Prevalence of Myopic Macular Features in Dutch Individuals of European Ancestry With High Myopia

Abstract

Importance: High myopia incidence and prevalence is increasing worldwide, and the visual burden caused by myopia is expected to rise accordingly. Studies investigating the occurrence of myopic complications in individuals of European ancestry with high myopia are scarce, hampering insights into the frequency of myopic retinal complications in European individuals and their visual burden.

Objective: To assess the frequency of myopic macular features in individuals of European ancestry with high myopia.

Design, setting, and participants: This cross-sectional analysis of the Dutch Myopia Study (MYST) and individuals with high myopia from the Rotterdam Study (RS) included 626 patients with high myopia (spherical equivalent of refractive error [SER] ≤-6 diopters [D] or axial length [AL] ≥26 mm) who underwent an extensive ophthalmic examination including multimodal retinal imaging. In addition to this combination of a population-based cohort study and mix-based high myopia study, a systematic literature review was also performed to compare findings with studies of individuals of Asian ancestry.

Exposures: High myopia, age, and AL.

Main outcomes and measures: Frequency of myopic macular and optic disc features: tessellated fundus, myopic macular degeneration (MMD), staphyloma, peripapillary intrachoroidal cavitation, peripapillary atrophy (PPA), and "plus" lesions (choroidal neovascularization, Fuchs spot, and lacquer cracks).

Results: The mean (SD) SER of the combined study population (MYST and RS) was -9.9 (3.2) D; the mean (SD) age was 51.4 (15.1) years, and 387 (61.8%) were women. The prevalence of MMD was 25.9% and increased with older age (P for trend <.001), lower SER (odds ratio [OR], 0.70; 95% CI, 0.65-0.76; P < .001), and higher AL (OR, 2.53; 95% CI, 2.13-3.06; P < .001). Choroidal neovascularization or Fuchs spot was present in 2.7% (n = 17), both lesions in 0.3% (n = 2), and lacquer cracks in 1.4% (n = 9). Staphyloma, PPA, and MMD were highly prevalent in visual impaired and blind eyes (frequency was 73.9% [20 of 27], 90.5% [19 of 21], and 63.0% [17 of 27] of unilateral blind eyes for MMD, staphyloma, and PPA, respectively). Seven previous studies in Asian populations reported a variable MMD frequency ranging from 8.3% to 64%, but frequencies were similar for comparable risk profiles based on age and SER.
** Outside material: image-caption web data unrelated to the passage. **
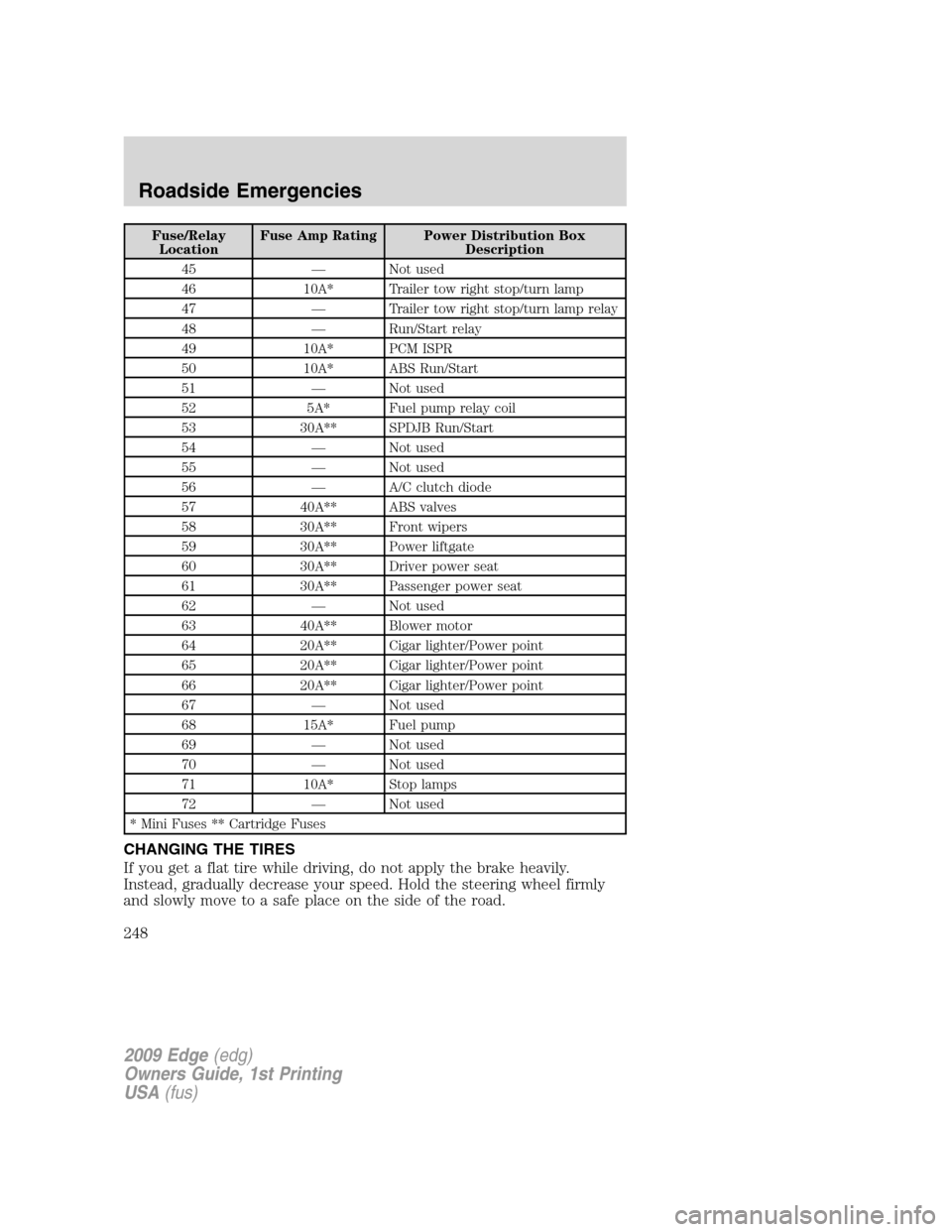 FORD EDGE 2009 1.G Owners Manual Fuse/Relay
LocationFuse Amp Rating Power Distribution Box
Description
45 — Not used
46 10A* Trailer tow right stop/turn lamp
47 — Trailer tow right stop/turn lamp relay
48 — Run/Start relay
49 1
Conclusions and relevance: In this cross-sectional study of a highly myopic Dutch population of European ancestry, myopic retinal features were frequent; were associated with age, SER, and AL; and occurred in all visually severely impaired eyes. The absence of treatment options for most of these retinal complications emphasizes the need for effective strategies to prevent high myopia.

Figure 1.. Frequency of Various Myopic Features per Age Category

A, Complete overview of myopic features; B, Detailed overview of the myopic macular lesions. CNV indicates choroidal neovascularization; PICC, peripapillary intrachoroidal cavitation; RPE, retinal pigment epithelium; PPA, peripapillary atrophy.

Figure 2.. Association Between the Frequency of Myopic Macular Degeneration and Axial Length (AL) and Age

Figure 3.. Frequency of Various Retinal Myopic Features in the Affected Eyes of Patients With Visual Impairment or Blindness

CNV indicates choroidal neovascularization; META-PM, Meta-analysis for Pathologic Myopia; MMD, myopic macular degeneration; PICC, peripapillary intrachoroidal cavitation; PPA, peripapillary atrophy; RPE, retinal pigment epithelium.